**YOUR TASK**
What you return must match the records exactly, except that the pictures are gone.

[Source records]
※ ※ ※
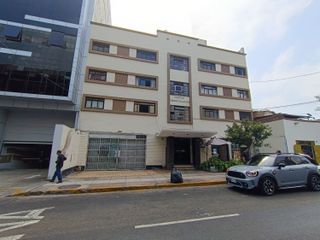 Acogedor departamento de primer piso en el corazón de Miraflores en alquiler
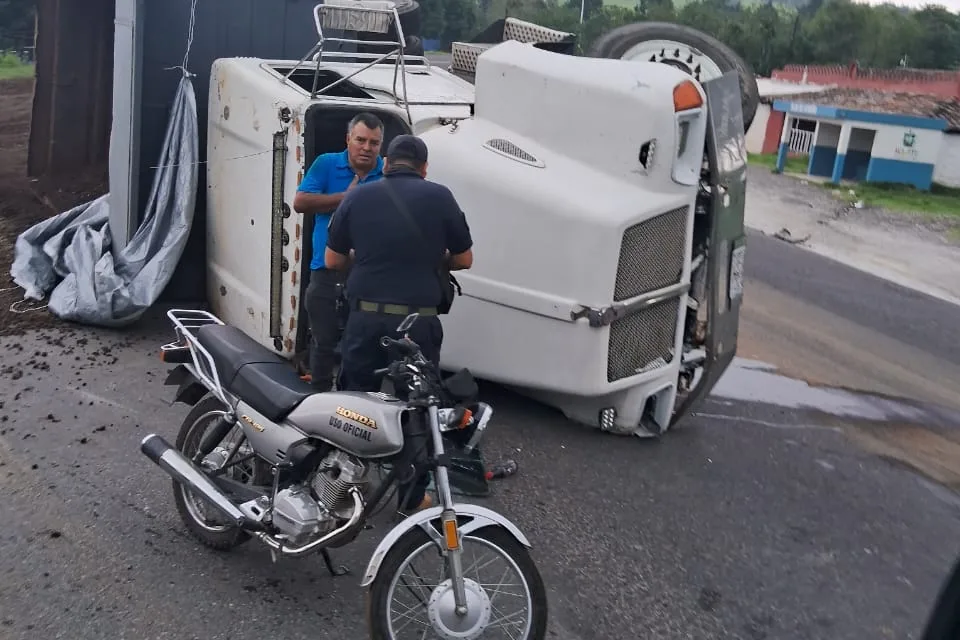 Volcadura de camión tipo Volteo en la carretera Perote – Xalapa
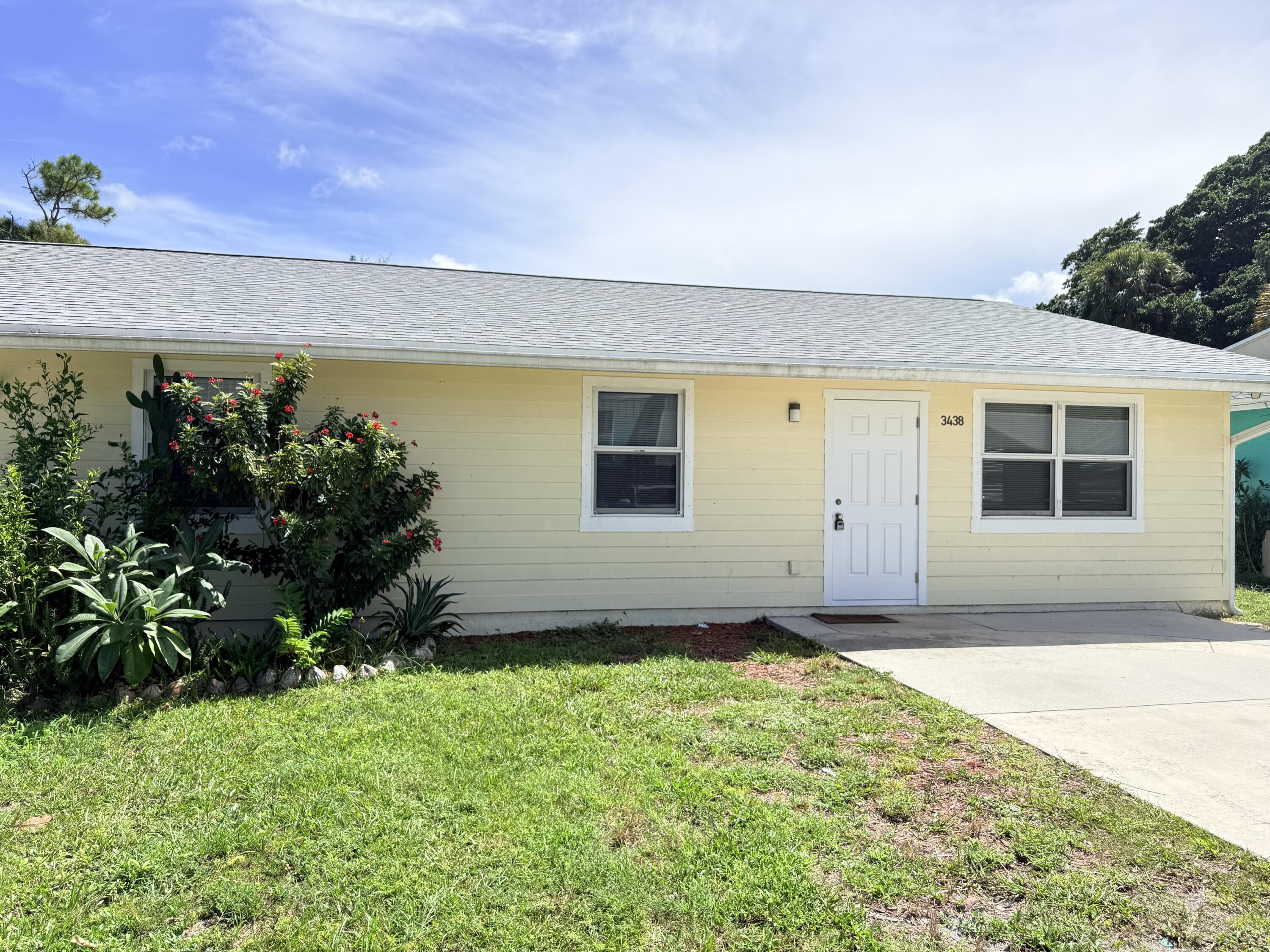 3438 SE IRIS Street, Stuart, FL 34997, Stuart - Photo 2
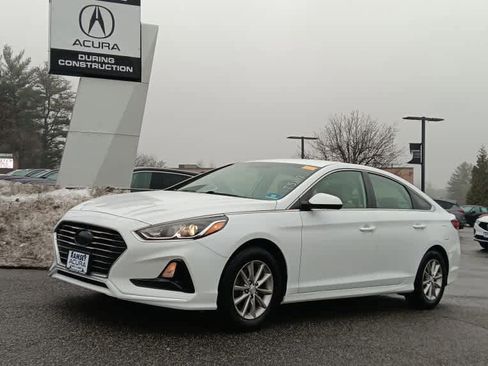 Used 2018 Hyundai Sonata SE w/ Cargo Package image 1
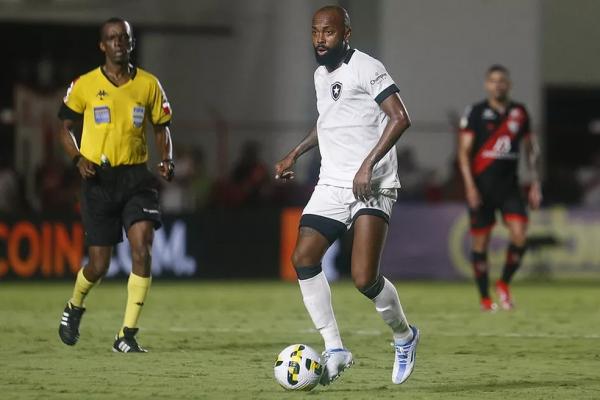 No ano passado, Chay marcou os três gols do Botafogo no jogo contra o Cruzeiro, pelo primeiro turno da Série B 2021. O meia chega à capital mineira no início da próxima semana para(Imagem:Reprodução)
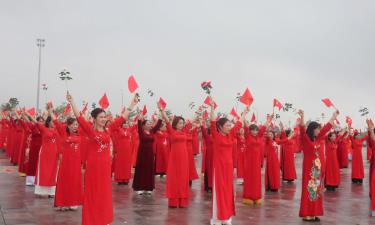 Hội viên phụ nữ huyện Lạng Giang đồng diễn dân vũ chào mừng Ngày Quốc tế Phụ nữ.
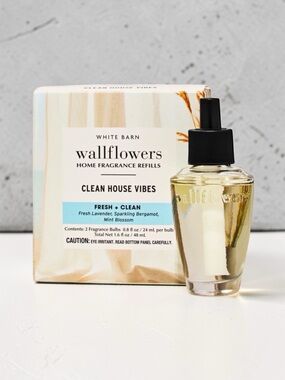Bath and Body Works Wallflowers Clean House Vibes 2 Pack Refills NWT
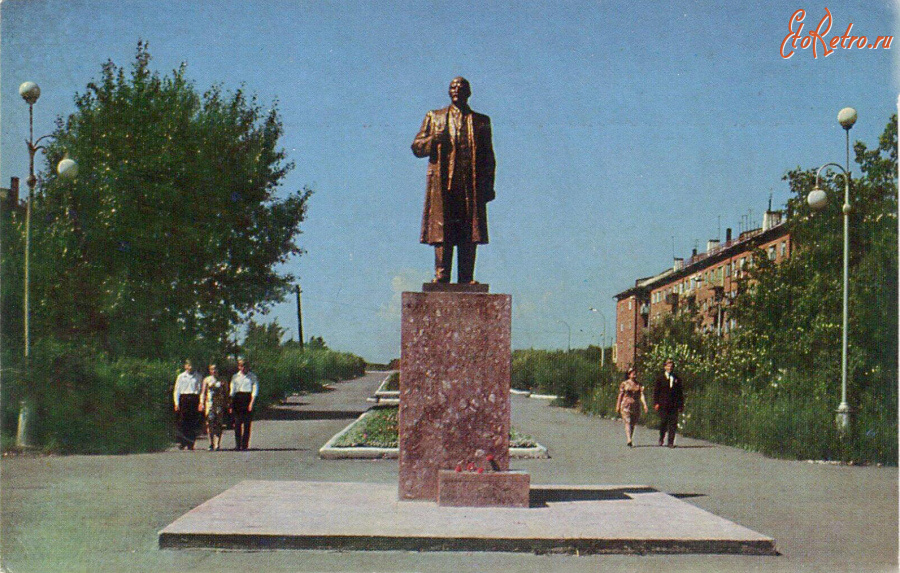 Белово - Улица Юбилейная. Памятник В. И. Ленину.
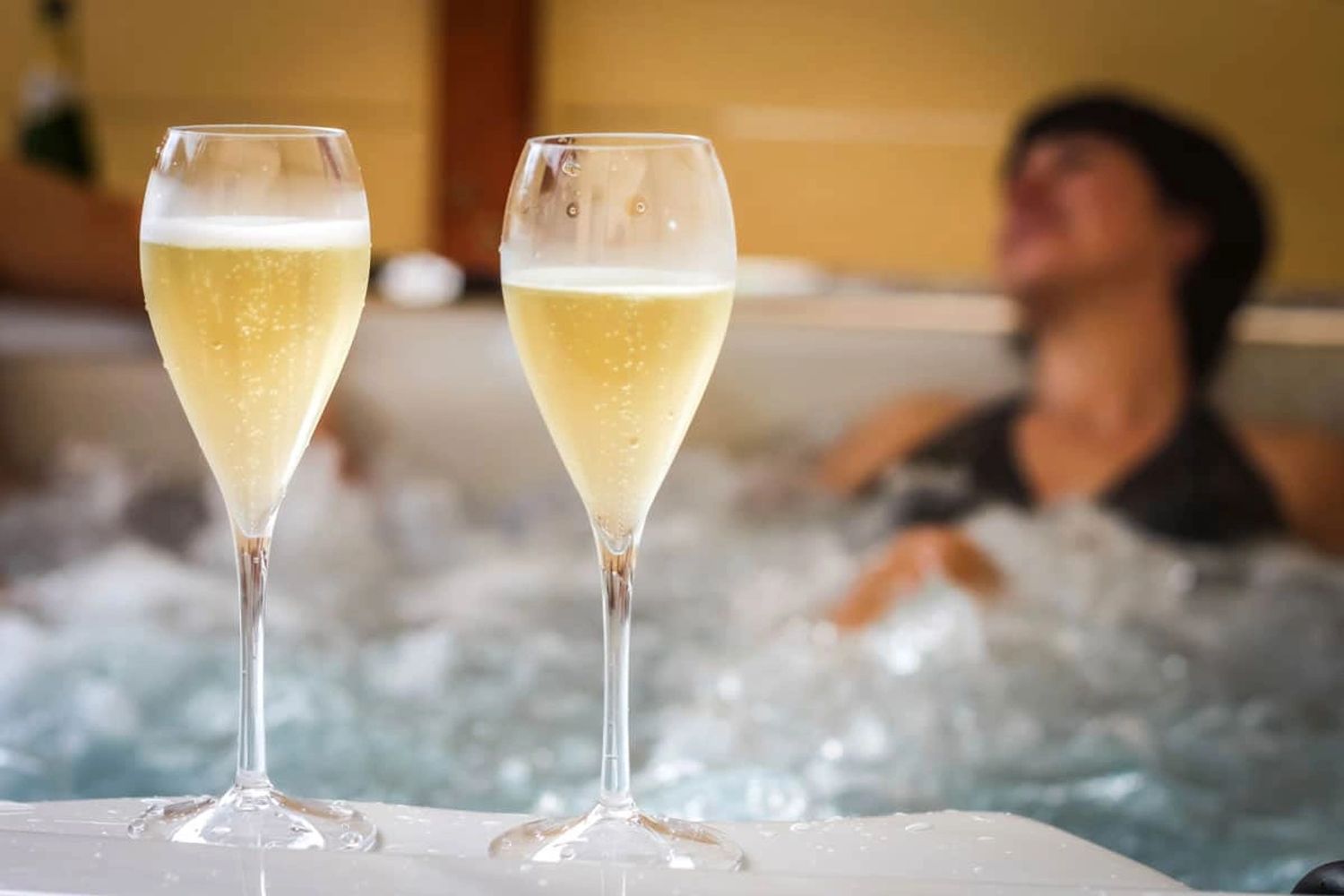 Valentines Day Sauna Spa Couples Luxury Giftcard Vouchers Ideas Champagne Lovers Sauna Hot Tub Jacuz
※ ※ ※
**WRITTEN ANSWER**
 Acogedor departamento de primer piso en el corazón de Miraflores en alquiler
 Volcadura de camión tipo Volteo en la carretera Perote – Xalapa
 3438 SE IRIS Street, Stuart, FL 34997, Stuart - Photo 2
 Used 2018 Hyundai Sonata SE w/ Cargo Package image 1
 No ano passado, Chay marcou os três gols do Botafogo no jogo contra o Cruzeiro, pelo primeiro turno da Série B 2021. O meia chega à capital mineira no início da próxima semana para(Imagem:Reprodução)
 Hội viên phụ nữ huyện Lạng Giang đồng diễn dân vũ chào mừng Ngày Quốc tế Phụ nữ.
Bath and Body Works Wallflowers Clean House Vibes 2 Pack Refills NWT
 Белово - Улица Юбилейная. Памятник В. И. Ленину.
 Valentines Day Sauna Spa Couples Luxury Giftcard Vouchers Ideas Champagne Lovers Sauna Hot Tub Jacuz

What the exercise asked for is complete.